# Task item:
The expected output is the exact lines from the one containing "this 640×480 image." through the end of the data, inclusive, and nothing else.

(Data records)

--- --- ---

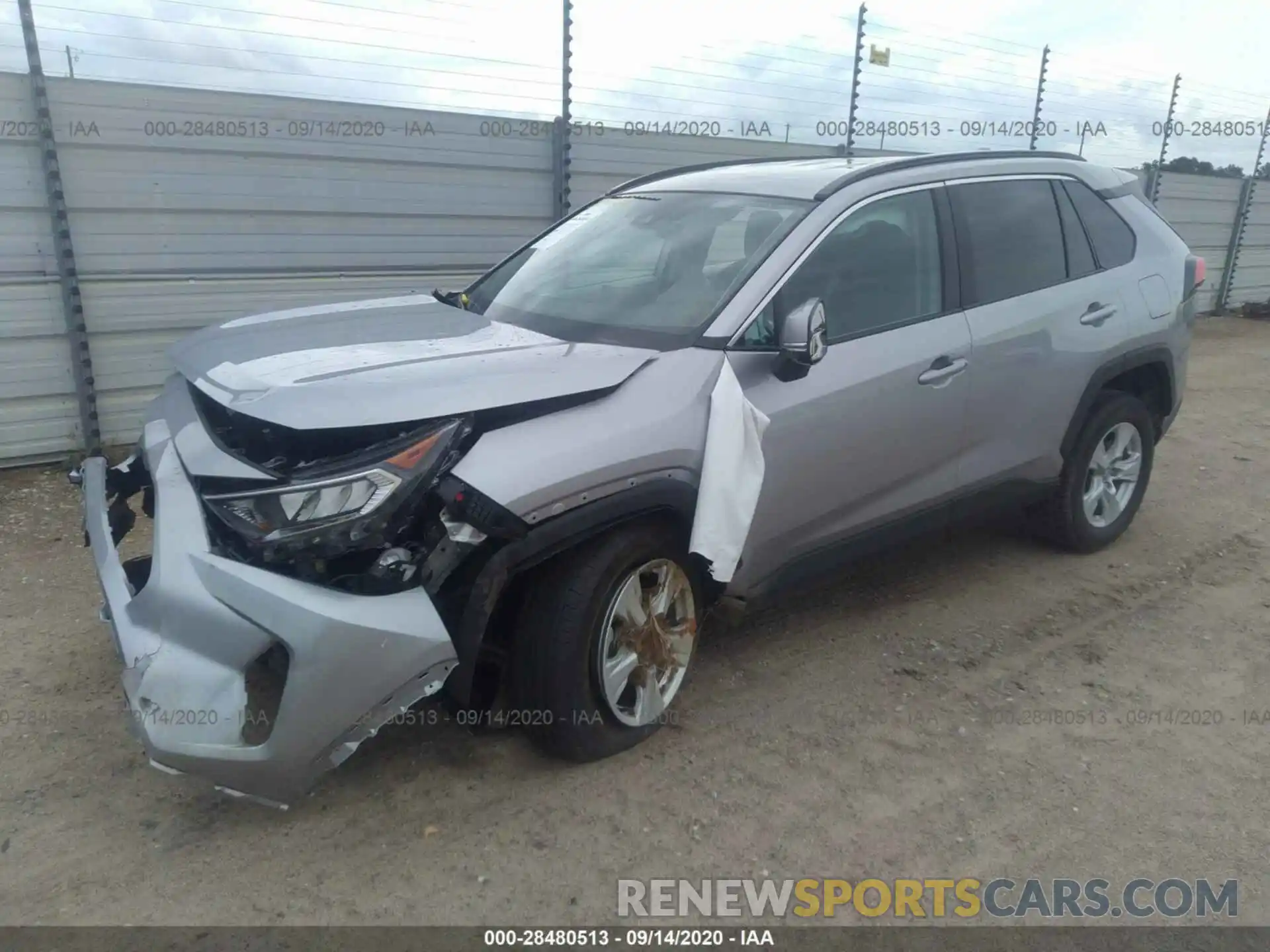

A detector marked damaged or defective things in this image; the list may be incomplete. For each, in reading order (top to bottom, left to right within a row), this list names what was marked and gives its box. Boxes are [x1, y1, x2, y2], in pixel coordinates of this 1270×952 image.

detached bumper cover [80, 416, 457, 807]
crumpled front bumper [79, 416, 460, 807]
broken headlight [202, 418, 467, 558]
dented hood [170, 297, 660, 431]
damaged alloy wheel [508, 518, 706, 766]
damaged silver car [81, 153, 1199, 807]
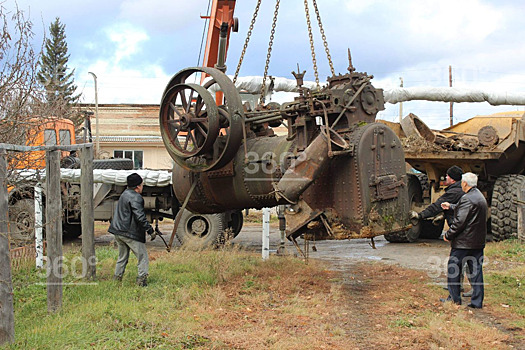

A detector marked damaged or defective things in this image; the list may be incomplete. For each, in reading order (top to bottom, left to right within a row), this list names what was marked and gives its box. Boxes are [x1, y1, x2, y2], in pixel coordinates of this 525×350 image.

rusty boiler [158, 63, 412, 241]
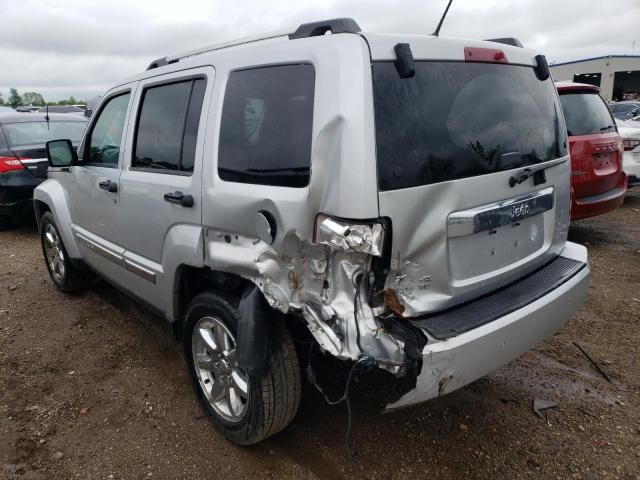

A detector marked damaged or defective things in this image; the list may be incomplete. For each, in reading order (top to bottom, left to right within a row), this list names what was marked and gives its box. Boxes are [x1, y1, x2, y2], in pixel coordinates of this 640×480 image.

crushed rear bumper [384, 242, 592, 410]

--- --- ---

# Response:
A detector marked damaged or defective things in this image; the list may be incomplete. For each, in reading order (top to bottom, left to right within a row), this list names what was marked and gives its box. Boxes are [x1, y1, x2, y2], in pixel coordinates of this 640×480 image.

crushed rear bumper [384, 242, 592, 410]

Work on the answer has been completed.